Captioned web image data:
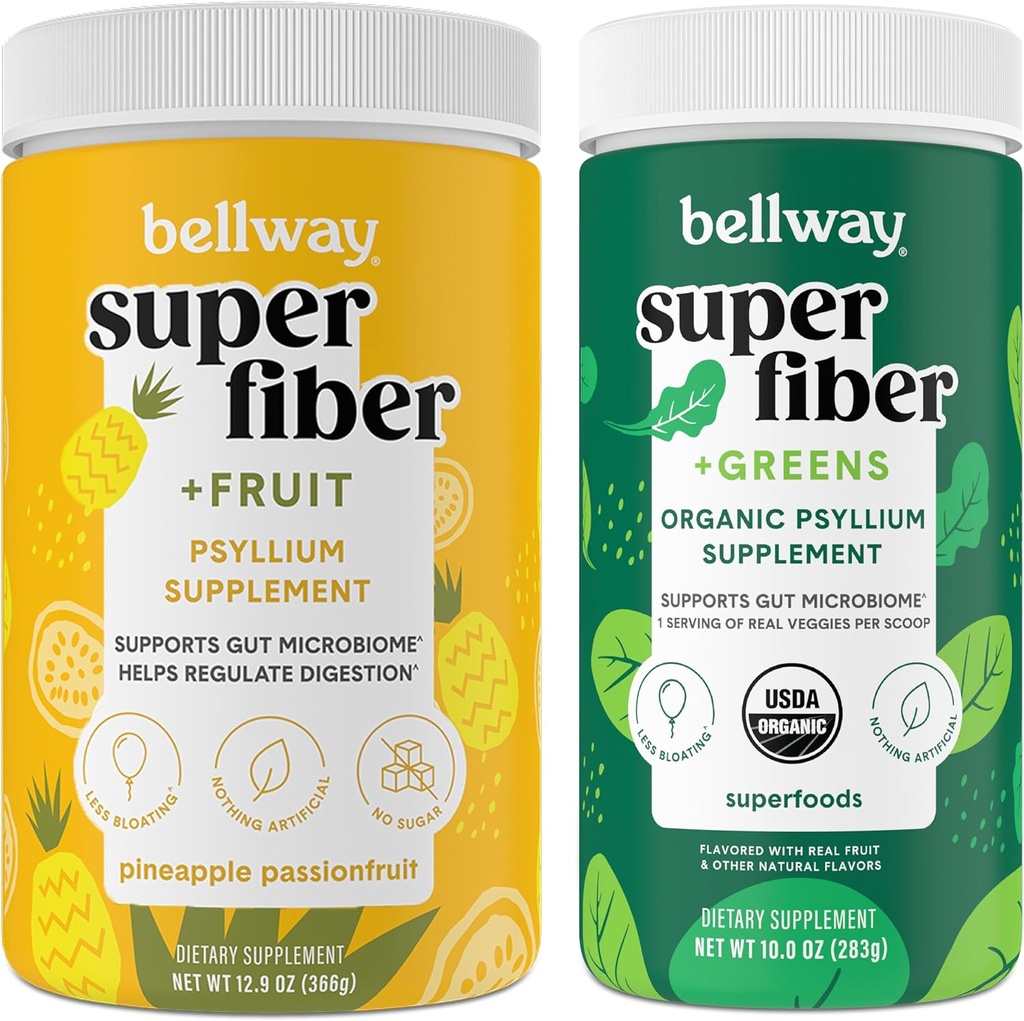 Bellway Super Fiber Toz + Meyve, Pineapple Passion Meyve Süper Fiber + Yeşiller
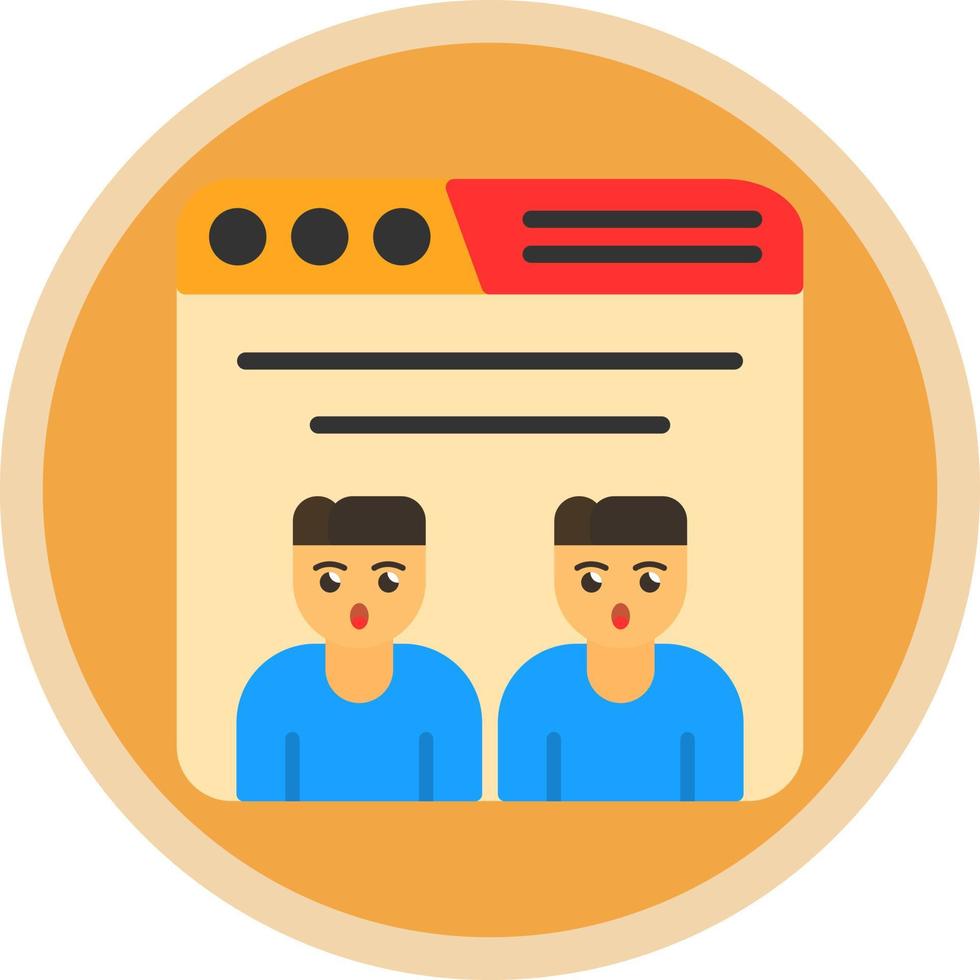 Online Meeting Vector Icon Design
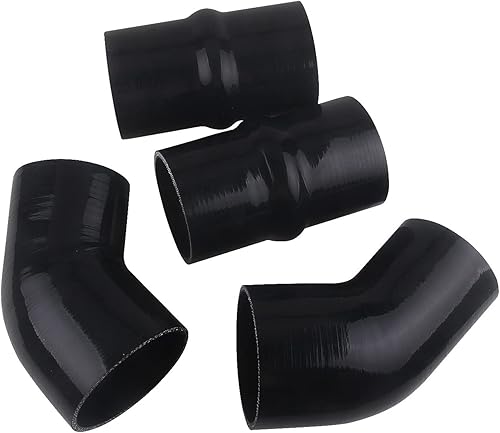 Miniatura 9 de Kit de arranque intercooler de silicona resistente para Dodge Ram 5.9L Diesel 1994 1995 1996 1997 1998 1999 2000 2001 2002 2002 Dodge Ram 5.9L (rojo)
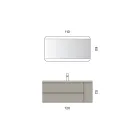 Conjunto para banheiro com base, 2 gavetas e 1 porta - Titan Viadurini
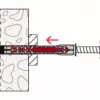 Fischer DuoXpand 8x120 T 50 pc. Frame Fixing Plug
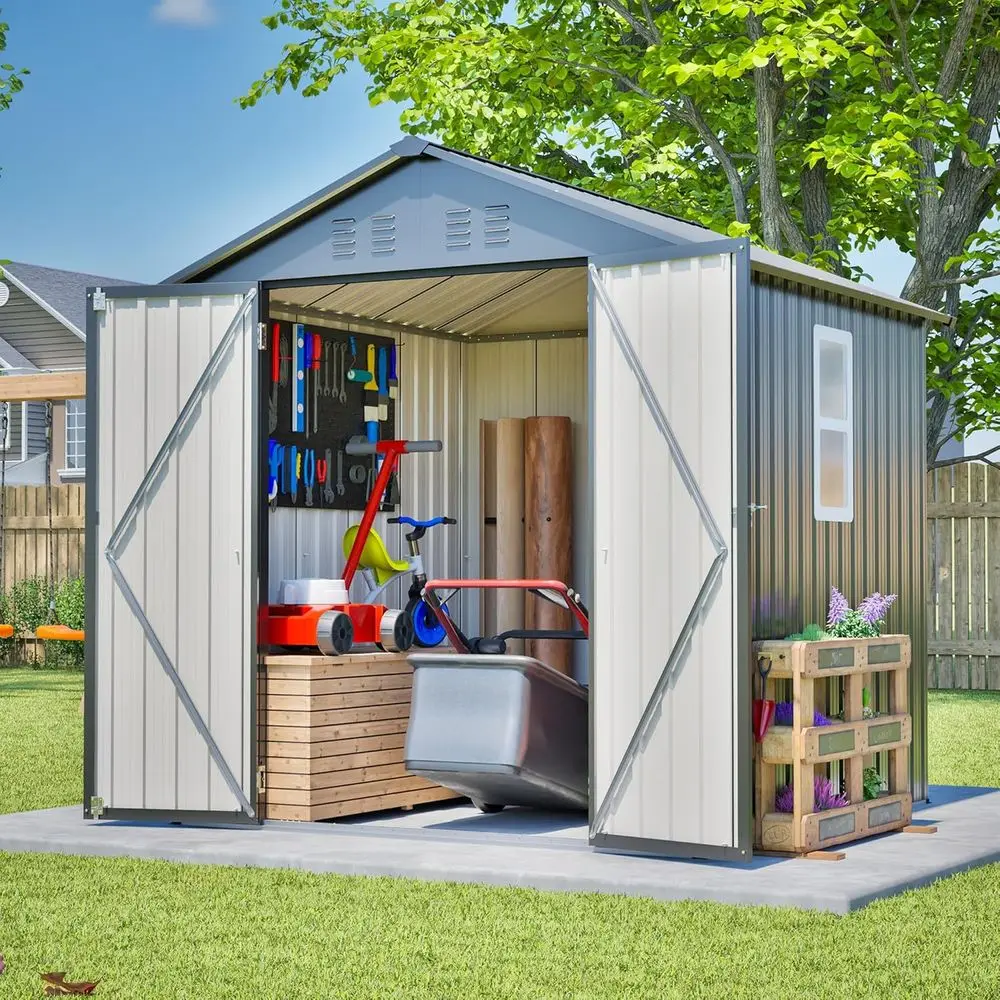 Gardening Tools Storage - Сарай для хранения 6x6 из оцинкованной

Task to carry out:
When you write out the data, keep every line exact and drop the pictures.

Task result:
 Bellway Super Fiber Toz + Meyve, Pineapple Passion Meyve Süper Fiber + Yeşiller
 Online Meeting Vector Icon Design
 Miniatura 9 de Kit de arranque intercooler de silicona resistente para Dodge Ram 5.9L Diesel 1994 1995 1996 1997 1998 1999 2000 2001 2002 2002 Dodge Ram 5.9L (rojo)
 Conjunto para banheiro com base, 2 gavetas e 1 porta - Titan Viadurini
 Fischer DuoXpand 8x120 T 50 pc. Frame Fixing Plug
 Gardening Tools Storage - Сарай для хранения 6x6 из оцинкованной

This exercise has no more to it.